### Task requirements:
The following data needs to be repeated exactly, with all images excluded.

(Data for this task)

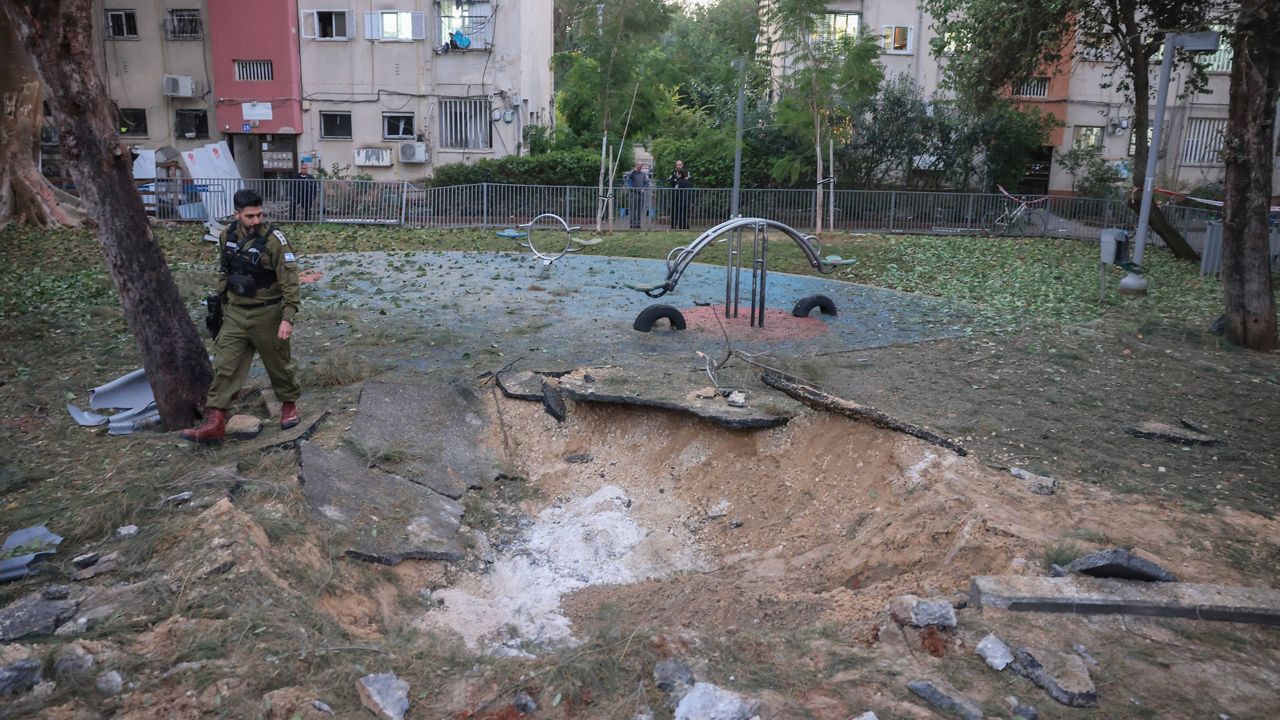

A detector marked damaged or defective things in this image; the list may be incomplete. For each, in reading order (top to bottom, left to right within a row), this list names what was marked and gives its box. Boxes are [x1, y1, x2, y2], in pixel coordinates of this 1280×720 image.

broken asphalt slab [348, 379, 496, 497]
broken asphalt slab [558, 363, 803, 425]
broken asphalt slab [299, 440, 465, 563]
broken asphalt slab [967, 571, 1280, 622]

(End Data for this task)

### Problem solution:
A detector marked damaged or defective things in this image; the list may be incomplete. For each, in reading order (top to bottom, left to right within a row), this list names what was marked and gives its box. Boxes are [x1, y1, x2, y2], in pixel coordinates of this 1280×720 image.

broken asphalt slab [348, 379, 496, 497]
broken asphalt slab [558, 363, 803, 425]
broken asphalt slab [299, 440, 465, 563]
broken asphalt slab [967, 571, 1280, 622]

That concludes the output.